The first stage of the product was completed in 2013, but it was just a powder that had absorption capabilities.
The next stage of the work provided a big challenge.
"You cannot simply throw powder onto oil – you need to be able to bind that powder into a sponge so that we can soak the oil up, and also separate it from water," Dr Chen says.
The nanosheet is made up of flakes which are several nonometers (one billionth of a metre) thick with tiny holes that can increase its surface area per gram to the size of five-and-a-half tennis courts.
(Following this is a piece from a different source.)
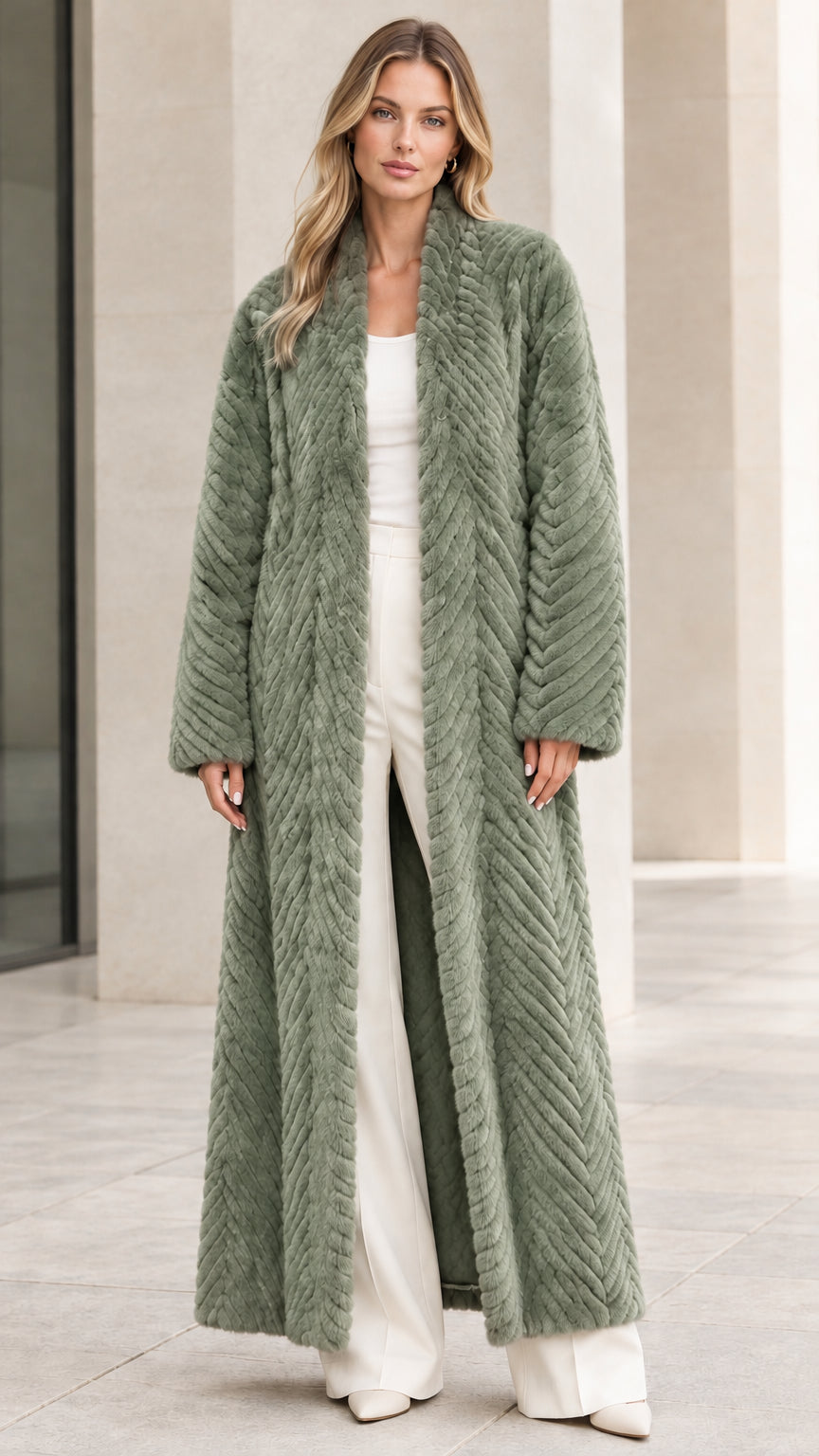 Front view of model wearing sage green chevron textured faux fur maxi coat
The research team, which included scientists from Philadelphia’s Drexel University and Missouri University of Science and Technology, started with boron nitride, which is also known as white graphite. They broke it into atomically thin sheets and used them to make a sponge.
Another author on the paper, Dr Weiwei Lei, says the pores in the nanosheets can absorb oils and organic solvents up to 33 times its own weight.
The nanosheets don't burn, and can also be used in flexible and transparent electrical and heat insulation, as well as in a number of other applications.
The researchers say the sponge is ready to be trialled by industry.